>>

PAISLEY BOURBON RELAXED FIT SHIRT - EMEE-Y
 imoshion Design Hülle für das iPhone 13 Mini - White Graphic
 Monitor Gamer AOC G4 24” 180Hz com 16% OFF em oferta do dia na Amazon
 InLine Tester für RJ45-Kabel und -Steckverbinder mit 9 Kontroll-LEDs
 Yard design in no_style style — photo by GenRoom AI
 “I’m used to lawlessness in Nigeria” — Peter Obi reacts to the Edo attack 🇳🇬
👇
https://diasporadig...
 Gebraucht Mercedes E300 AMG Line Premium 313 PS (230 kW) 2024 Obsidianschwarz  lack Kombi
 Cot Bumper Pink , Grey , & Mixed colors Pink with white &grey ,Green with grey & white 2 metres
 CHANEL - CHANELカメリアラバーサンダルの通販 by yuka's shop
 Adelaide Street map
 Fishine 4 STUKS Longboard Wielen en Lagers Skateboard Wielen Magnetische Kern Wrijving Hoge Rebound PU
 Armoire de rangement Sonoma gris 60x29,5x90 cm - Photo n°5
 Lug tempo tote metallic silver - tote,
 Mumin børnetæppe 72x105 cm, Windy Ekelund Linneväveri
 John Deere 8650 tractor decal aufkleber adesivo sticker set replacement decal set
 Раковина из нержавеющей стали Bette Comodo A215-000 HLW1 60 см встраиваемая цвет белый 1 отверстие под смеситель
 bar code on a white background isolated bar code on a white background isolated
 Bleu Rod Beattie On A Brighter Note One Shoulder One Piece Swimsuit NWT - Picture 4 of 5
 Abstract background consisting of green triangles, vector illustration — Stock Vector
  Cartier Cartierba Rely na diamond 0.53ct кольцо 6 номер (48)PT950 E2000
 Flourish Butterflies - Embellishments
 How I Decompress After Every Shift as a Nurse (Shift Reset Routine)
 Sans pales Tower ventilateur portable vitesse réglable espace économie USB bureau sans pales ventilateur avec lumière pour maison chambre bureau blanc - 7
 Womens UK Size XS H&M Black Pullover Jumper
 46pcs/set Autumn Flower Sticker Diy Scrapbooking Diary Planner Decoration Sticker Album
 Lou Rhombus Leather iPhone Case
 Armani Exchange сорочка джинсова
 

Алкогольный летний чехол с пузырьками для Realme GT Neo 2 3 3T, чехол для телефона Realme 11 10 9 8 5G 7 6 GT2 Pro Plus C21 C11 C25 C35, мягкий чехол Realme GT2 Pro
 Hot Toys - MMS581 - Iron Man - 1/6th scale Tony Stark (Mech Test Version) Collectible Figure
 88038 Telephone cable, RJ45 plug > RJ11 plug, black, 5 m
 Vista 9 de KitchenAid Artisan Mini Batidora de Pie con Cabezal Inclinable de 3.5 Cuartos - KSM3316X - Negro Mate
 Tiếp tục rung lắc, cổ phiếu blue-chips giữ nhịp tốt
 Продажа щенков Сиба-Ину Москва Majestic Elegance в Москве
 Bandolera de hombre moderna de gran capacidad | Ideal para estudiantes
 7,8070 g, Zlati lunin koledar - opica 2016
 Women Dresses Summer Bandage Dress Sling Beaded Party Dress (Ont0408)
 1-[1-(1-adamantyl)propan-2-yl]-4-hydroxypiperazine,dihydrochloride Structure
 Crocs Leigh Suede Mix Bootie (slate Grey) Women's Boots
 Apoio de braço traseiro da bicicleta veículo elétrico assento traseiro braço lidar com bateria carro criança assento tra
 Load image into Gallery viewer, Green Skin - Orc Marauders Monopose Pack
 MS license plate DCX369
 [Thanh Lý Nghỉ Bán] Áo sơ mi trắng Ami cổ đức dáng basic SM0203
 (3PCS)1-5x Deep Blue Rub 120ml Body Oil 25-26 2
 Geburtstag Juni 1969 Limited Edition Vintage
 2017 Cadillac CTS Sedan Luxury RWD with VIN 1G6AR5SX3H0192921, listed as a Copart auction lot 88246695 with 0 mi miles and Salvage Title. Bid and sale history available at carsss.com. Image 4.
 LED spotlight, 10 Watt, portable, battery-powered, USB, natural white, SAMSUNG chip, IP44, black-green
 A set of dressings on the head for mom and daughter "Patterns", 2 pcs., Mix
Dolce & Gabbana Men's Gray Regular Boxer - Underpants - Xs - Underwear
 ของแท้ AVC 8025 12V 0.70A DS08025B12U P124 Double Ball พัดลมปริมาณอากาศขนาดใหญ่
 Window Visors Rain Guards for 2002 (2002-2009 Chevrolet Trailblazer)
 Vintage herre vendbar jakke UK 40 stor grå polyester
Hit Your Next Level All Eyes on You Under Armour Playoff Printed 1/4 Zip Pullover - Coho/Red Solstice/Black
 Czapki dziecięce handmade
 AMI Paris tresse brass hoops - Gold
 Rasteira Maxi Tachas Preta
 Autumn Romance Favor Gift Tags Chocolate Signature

<<

Print all the data above word for word.

● Solution to this exercise
PAISLEY BOURBON RELAXED FIT SHIRT - EMEE-Y
 imoshion Design Hülle für das iPhone 13 Mini - White Graphic
 Monitor Gamer AOC G4 24” 180Hz com 16% OFF em oferta do dia na Amazon
 InLine Tester für RJ45-Kabel und -Steckverbinder mit 9 Kontroll-LEDs
 Yard design in no_style style — photo by GenRoom AI
 “I’m used to lawlessness in Nigeria” — Peter Obi reacts to the Edo attack 🇳🇬
👇
https://diasporadig...
 Gebraucht Mercedes E300 AMG Line Premium 313 PS (230 kW) 2024 Obsidianschwarz  lack Kombi
 Cot Bumper Pink , Grey , & Mixed colors Pink with white &grey ,Green with grey & white 2 metres
 CHANEL - CHANELカメリアラバーサンダルの通販 by yuka's shop
 Adelaide Street map
 Fishine 4 STUKS Longboard Wielen en Lagers Skateboard Wielen Magnetische Kern Wrijving Hoge Rebound PU
 Armoire de rangement Sonoma gris 60x29,5x90 cm - Photo n°5
 Lug tempo tote metallic silver - tote,
 Mumin børnetæppe 72x105 cm, Windy Ekelund Linneväveri
 John Deere 8650 tractor decal aufkleber adesivo sticker set replacement decal set
 Раковина из нержавеющей стали Bette Comodo A215-000 HLW1 60 см встраиваемая цвет белый 1 отверстие под смеситель
 bar code on a white background isolated bar code on a white background isolated
 Bleu Rod Beattie On A Brighter Note One Shoulder One Piece Swimsuit NWT - Picture 4 of 5
 Abstract background consisting of green triangles, vector illustration — Stock Vector
  Cartier Cartierba Rely na diamond 0.53ct кольцо 6 номер (48)PT950 E2000
 Flourish Butterflies - Embellishments
 How I Decompress After Every Shift as a Nurse (Shift Reset Routine)
 Sans pales Tower ventilateur portable vitesse réglable espace économie USB bureau sans pales ventilateur avec lumière pour maison chambre bureau blanc - 7
 Womens UK Size XS H&M Black Pullover Jumper
 46pcs/set Autumn Flower Sticker Diy Scrapbooking Diary Planner Decoration Sticker Album
 Lou Rhombus Leather iPhone Case
 Armani Exchange сорочка джинсова
 

Алкогольный летний чехол с пузырьками для Realme GT Neo 2 3 3T, чехол для телефона Realme 11 10 9 8 5G 7 6 GT2 Pro Plus C21 C11 C25 C35, мягкий чехол Realme GT2 Pro
 Hot Toys - MMS581 - Iron Man - 1/6th scale Tony Stark (Mech Test Version) Collectible Figure
 88038 Telephone cable, RJ45 plug > RJ11 plug, black, 5 m
 Vista 9 de KitchenAid Artisan Mini Batidora de Pie con Cabezal Inclinable de 3.5 Cuartos - KSM3316X - Negro Mate
 Tiếp tục rung lắc, cổ phiếu blue-chips giữ nhịp tốt
 Продажа щенков Сиба-Ину Москва Majestic Elegance в Москве
 Bandolera de hombre moderna de gran capacidad | Ideal para estudiantes
 7,8070 g, Zlati lunin koledar - opica 2016
 Women Dresses Summer Bandage Dress Sling Beaded Party Dress (Ont0408)
 1-[1-(1-adamantyl)propan-2-yl]-4-hydroxypiperazine,dihydrochloride Structure
 Crocs Leigh Suede Mix Bootie (slate Grey) Women's Boots
 Apoio de braço traseiro da bicicleta veículo elétrico assento traseiro braço lidar com bateria carro criança assento tra
 Load image into Gallery viewer, Green Skin - Orc Marauders Monopose Pack
 MS license plate DCX369
 [Thanh Lý Nghỉ Bán] Áo sơ mi trắng Ami cổ đức dáng basic SM0203
 (3PCS)1-5x Deep Blue Rub 120ml Body Oil 25-26 2
 Geburtstag Juni 1969 Limited Edition Vintage
 2017 Cadillac CTS Sedan Luxury RWD with VIN 1G6AR5SX3H0192921, listed as a Copart auction lot 88246695 with 0 mi miles and Salvage Title. Bid and sale history available at carsss.com. Image 4.
 LED spotlight, 10 Watt, portable, battery-powered, USB, natural white, SAMSUNG chip, IP44, black-green
 A set of dressings on the head for mom and daughter "Patterns", 2 pcs., Mix
Dolce & Gabbana Men's Gray Regular Boxer - Underpants - Xs - Underwear
 ของแท้ AVC 8025 12V 0.70A DS08025B12U P124 Double Ball พัดลมปริมาณอากาศขนาดใหญ่
 Window Visors Rain Guards for 2002 (2002-2009 Chevrolet Trailblazer)
 Vintage herre vendbar jakke UK 40 stor grå polyester
Hit Your Next Level All Eyes on You Under Armour Playoff Printed 1/4 Zip Pullover - Coho/Red Solstice/Black
 Czapki dziecięce handmade
 AMI Paris tresse brass hoops - Gold
 Rasteira Maxi Tachas Preta
 Autumn Romance Favor Gift Tags Chocolate Signature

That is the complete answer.